1 | The Stranger (Bea)
"O.M.G, I heard she flew to the beach in her private helicopter," a voice to my left whispers, but of course, loud enough for me to hear it.
I scrunch up my face and exhale irritably through my nose —the same frustrated tic I've been doing since... my whole life.
"I heard she has her own personal clothes designer," a voice to my right doesn't even bother to whisper.
I finally reach the assigned locker and harrumph. The bloody peasants in this backwater town can't seem to keep their mouths shut. I don't even know why I'm inviting everyone to my party tonight.
I heard she humiliated her friend in front of millions of Insta-viewers, they forgot to add.

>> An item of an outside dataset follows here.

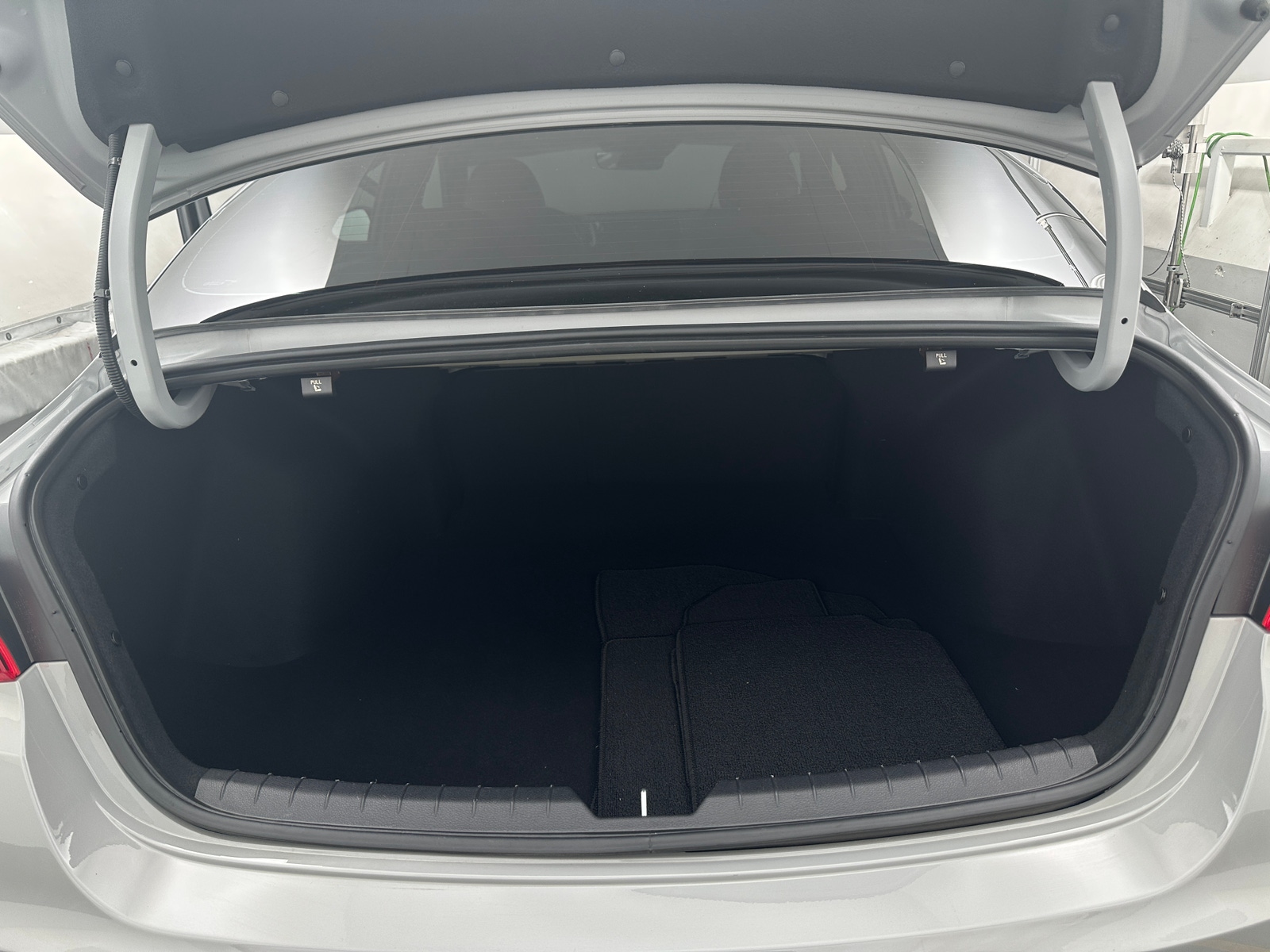 Thumbnail: 2023 Kia K5 - 6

"Redial, dammit, Siri," I order my iPhone 13 Max. "Yuma, I can't believe you hung up on me. Come on. This will wear off. I swear I'm still the same girl who played with Bratz dolls with you." I take a deep breath. " I wanted to say I didn't mean to..."
The phone lets out a sad squeal and the animated screen turns pitch black.
"Dammit, I wasn't done! This is why I hate leaving messages! Stupid, stupid, stupid battery life!" I fling the thing against the opposite wall.
A bunch of students standing nearest to me gasp and cover their faces with their hands.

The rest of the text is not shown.